The regulator published its draft decision on 30 June. DB InfraGO may allocate no more than 60–75% of capacity on heavily used routes to a single operator, with the exact share left to the infrastructure manager. A final decision is expected within two weeks, after consultation of the rail infrastructure advisory council.
The rules apply from the capacity allocation for 2028 — the year Italo plans to launch German services. Deutsche Bahn, which runs about 95% of German long-distance traffic, warns that losing paths on profitable corridors would force cuts elsewhere on its network.
How the competition clause works
The clause covers only designated congested corridors, not the network as a whole. Nodes such as Munich and Frankfurt are set to fall under the capacity ceilings where the rule applies.
The quota applies only to regular-interval services — at least four daily departures at two-hour intervals to the same minute — and only where demand for paths exceeds capacity. Within the 60–75% band, DB InfraGO sets the exact ceiling itself; in practice, at least one competitor to DB Fernverkehr must receive usable paths on every corridor covered.
“Competitors of DB Fernverkehr such as Italo or FlixTrain have to invest heavily in new rolling stock,” said Bundesnetzagentur president Klaus Müller. “Until now, they could not reliably assess whether they would receive sufficient access rights.”
The clause, he said, guarantees a minimum level of access for competitors in scheduled long-distance services without blocking capacity for other types of traffic.
The demand behind the draft
Italo has pressed the regulator for reserved capacity since announcing its German entry programme: EUR 3.6bn in total, including 26 Siemens Velaro trains with an option for 14 more, operated through its German subsidiary Atrium SE from 2028.
Long-term framework agreements — the instrument Italo first asked for — were abolished in Germany in 2017. Without them, an entrant orders trains years before knowing whether it will get paths to run them.
DB InfraGO chief Philipp Nagl warned in June that a special access clause favouring Italo risked being struck down as contrary to EU law.
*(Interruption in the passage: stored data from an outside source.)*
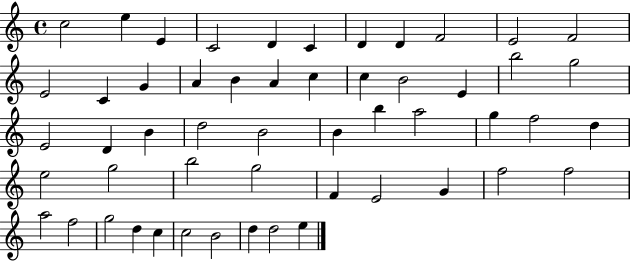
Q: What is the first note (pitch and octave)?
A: C5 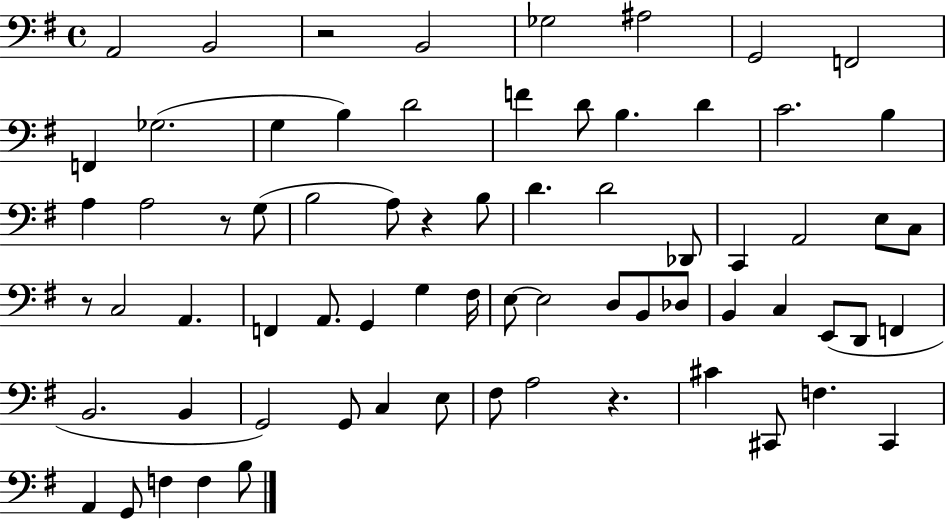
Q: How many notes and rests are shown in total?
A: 70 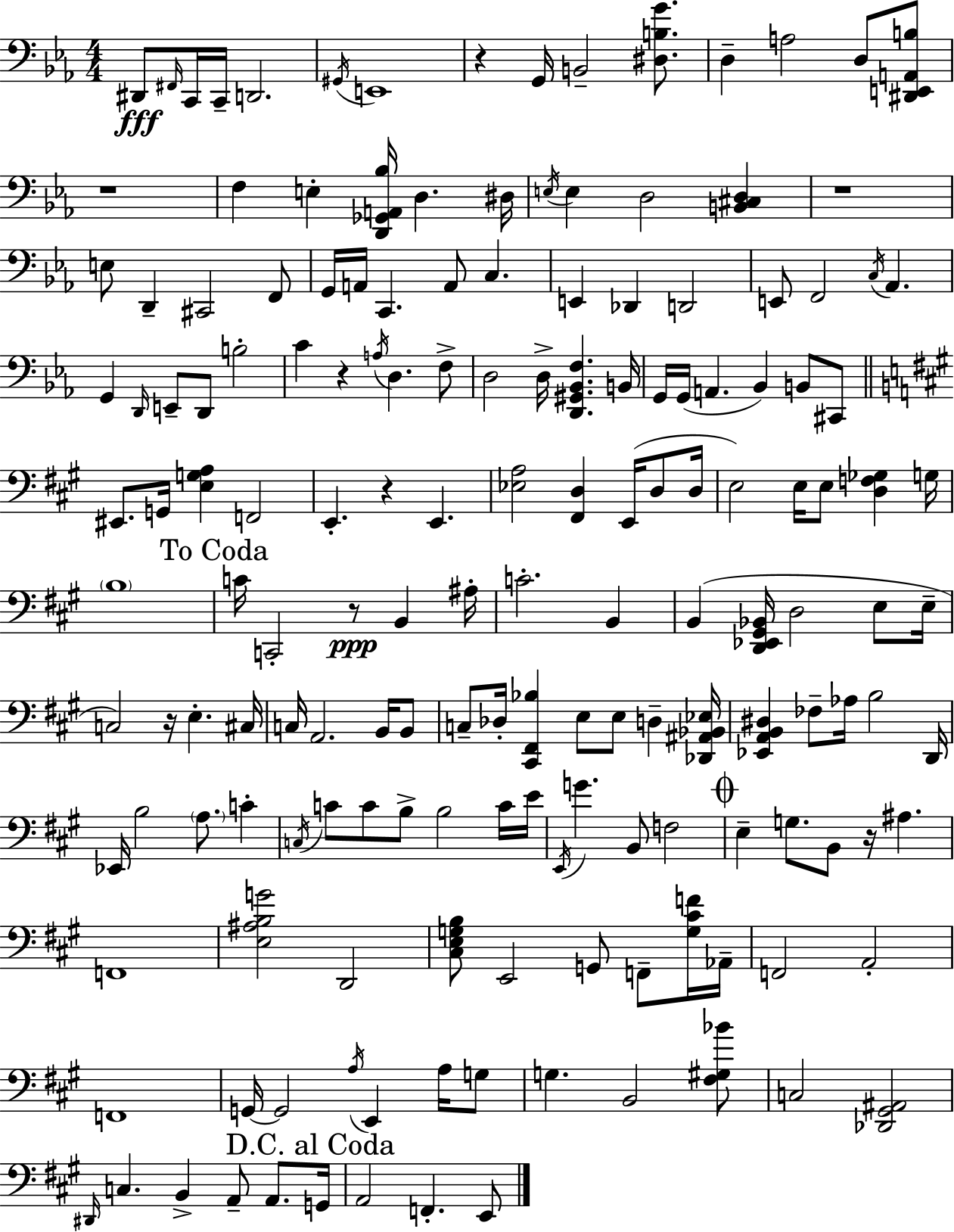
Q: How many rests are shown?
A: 8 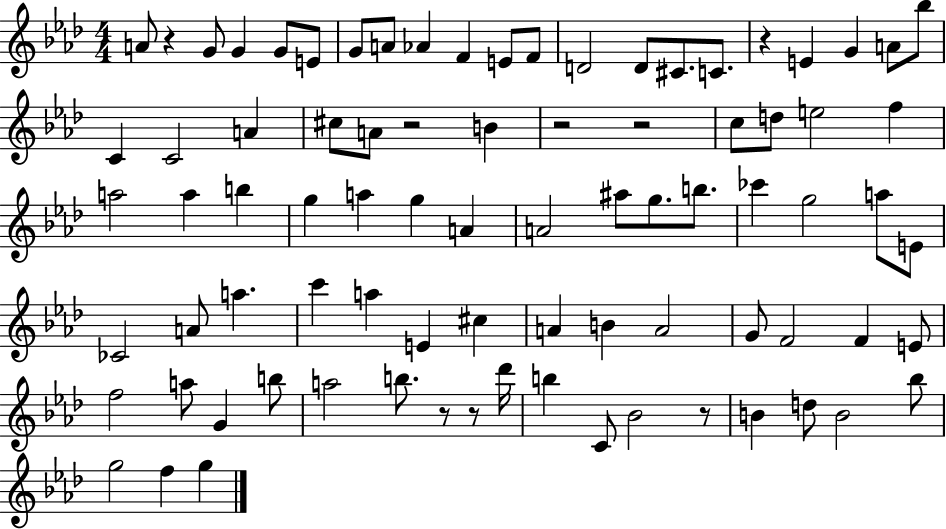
{
  \clef treble
  \numericTimeSignature
  \time 4/4
  \key aes \major
  a'8 r4 g'8 g'4 g'8 e'8 | g'8 a'8 aes'4 f'4 e'8 f'8 | d'2 d'8 cis'8. c'8. | r4 e'4 g'4 a'8 bes''8 | \break c'4 c'2 a'4 | cis''8 a'8 r2 b'4 | r2 r2 | c''8 d''8 e''2 f''4 | \break a''2 a''4 b''4 | g''4 a''4 g''4 a'4 | a'2 ais''8 g''8. b''8. | ces'''4 g''2 a''8 e'8 | \break ces'2 a'8 a''4. | c'''4 a''4 e'4 cis''4 | a'4 b'4 a'2 | g'8 f'2 f'4 e'8 | \break f''2 a''8 g'4 b''8 | a''2 b''8. r8 r8 des'''16 | b''4 c'8 bes'2 r8 | b'4 d''8 b'2 bes''8 | \break g''2 f''4 g''4 | \bar "|."
} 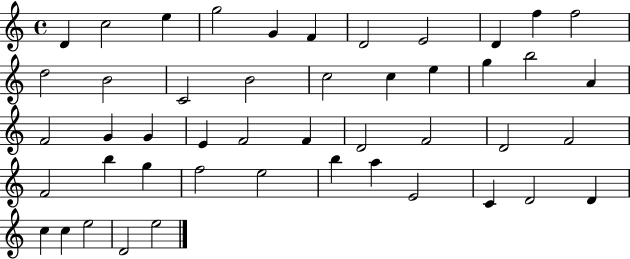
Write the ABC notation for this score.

X:1
T:Untitled
M:4/4
L:1/4
K:C
D c2 e g2 G F D2 E2 D f f2 d2 B2 C2 B2 c2 c e g b2 A F2 G G E F2 F D2 F2 D2 F2 F2 b g f2 e2 b a E2 C D2 D c c e2 D2 e2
The draft answers with a general rule open to any competitor, not a deal for one.
The incumbent’s objections
Deutsche Bahn argues that earnings from the busiest corridors finance long-distance services in thinner markets, and that lost paths would mean cuts elsewhere. The Eisenbahn- und Verkehrsgewerkschaft (EVG) rail union shares that concern.
DB InfraGO notes that the rule would guarantee paths for at least two long-distance operators on every congested corridor — and says it would aggravate the structural problem of nodes and capacity.
The draft now goes to the rail infrastructure advisory council. If confirmed, the clause takes effect with the path allocation for the 2028 timetable — the first year Italo trains could run.